Toute une littérature semble dédiée à réduire Freud au judaïsme, relire Freud dans les textes juifs, ou pire, l’inverse. Au risque du forçage herméneutique. Plutôt que cette entreprise vaguement narcissique (si tout est Juif, je suis Tout!), tentons un exercice qui exhibe son arbitraire, son refus des motifs de l’origine, de l’emprunt, de l’influence. De Freud et du Freudisme, je ne dirais pas grand-chose, du rapport biographique et évènementiel de Freud au Talmud non plus, tant il semble évident que Freud a été un lecteur sérieux de la Bible, mais non du Talmud, sinon par influence culturelle vague. Cet exercice de comparaison à un terme (une blague!) ne préjuge pas de ce qu’il doit montrer, une éventuelle affinité dans le rejet de la pathophysiologie objectivante commune à la psychanalyse et au Talmud. Il se peut qu’à la fin, l’exercice mène à l’impasse. En chemin nous aurons, et c’est l’essentiel, étudié un peu.
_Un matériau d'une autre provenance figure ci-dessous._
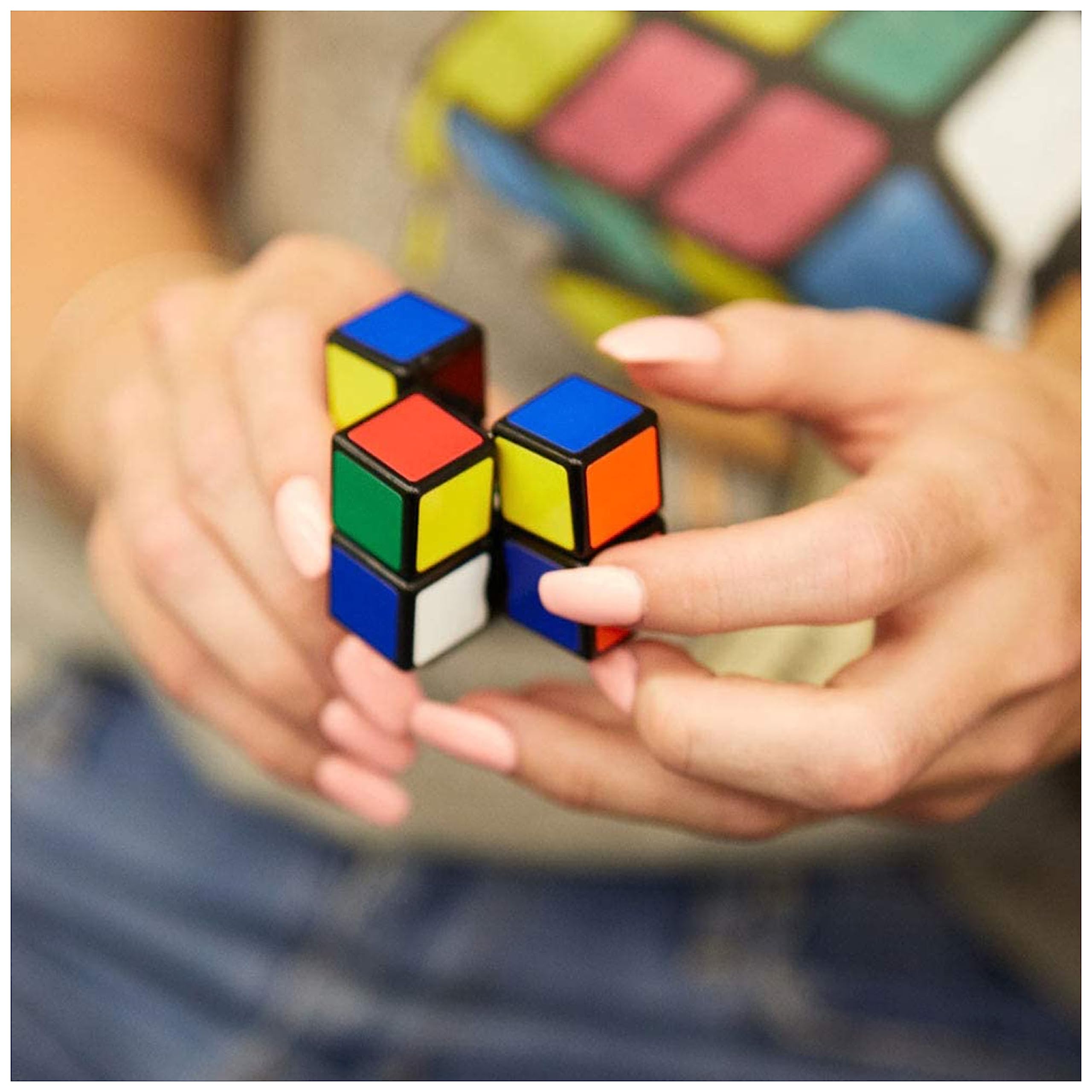 Rubik's Edge 3x3x1 Sequential Puzzle Cube for Beginners | Stickerless | Portable 5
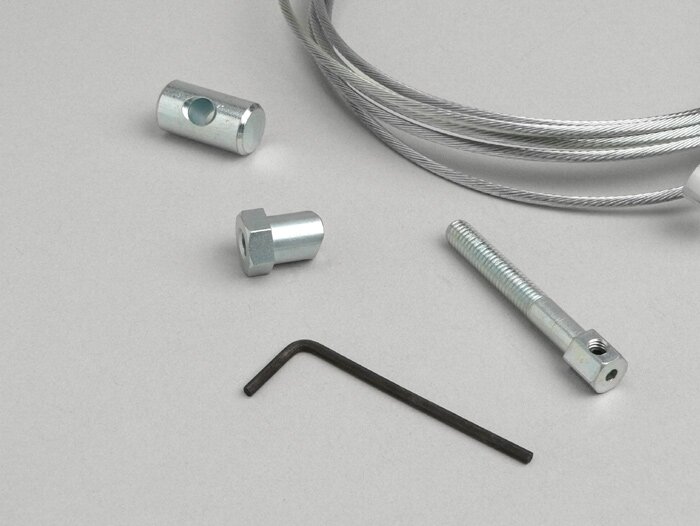 Kabel rem depan dan belakang - kit perbaikan -UNIVERSAL- semua skuter otomatis dan Vespa Cosa, XL2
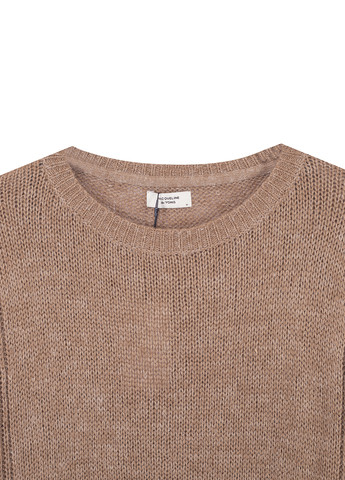 Коричневое кэжуал платье платье-свитер Jacqueline de Yong однотонное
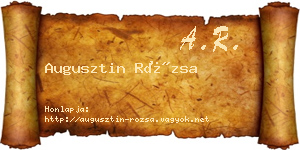 Augusztin Rózsa névjegykártya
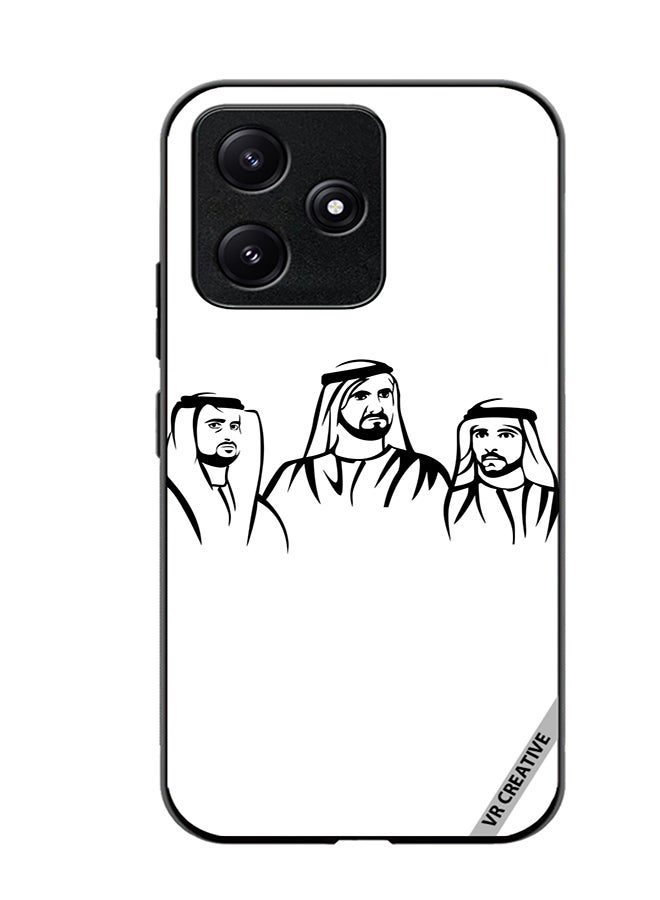 VR CREATIVE Protective Case Cover For Xiaomi Poco M6 Pro 5G Sheikh Mohammed Bin Rashid Al Maktoum Design Multicolour - Image 1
Avec le sourd-muet1, l’enfant et l’esclave, le fou, le shoteh, fait partie de ceux qui, dans le Talmud, n’ont pas de main (yad), de capacité juridique. Les actes juridiques qu’il accomplit sont nuls et sa responsabilité devant Dieu et les hommes n’est pas susceptible d’être engagée.
Or, la folie n’est pas de façon prioritaire pour le Talmud une maladie, qu’il faut constater, puis soigner : elle est avant tout une condition du droit – celle de l’incapable juridique et de l’irresponsable pénal – qui se présume et donc se décide2 .
ALORS, QUI EST FOU ?
« Celui qui sort seul la nuit, qui dort dans des cimetières et qui déchire son vêtement ». (TB, Hagigah 3b).3
Le psychiatre d’aujourd’hui y reconnaîtrait vague- ment les symptômes de la psychose: asocialité, idées morbides, délire, automutilation.
Nous lisons: le fou ne craint ni les hommes – brigands qui attaquent de nuit en dehors des villes –, ni les démons – shedim qui peuplent les cimetières –, ni l’argent – le vêtement était un bien très coûteux à l’époque du Talmud.4
Il ne protège ni son corps, ni son esprit, ni ses biens. L’homme bar de’a, conscient, contrairement au fou, qui lui, n’est pas bar de’a 5, craint pour sa vie et pour ses biens, témoignant par là qu’il les considère comme des biens et qu’il est susceptible d’en être privé. Or, le sens de la valeur naît avec l’angoisse de la perte.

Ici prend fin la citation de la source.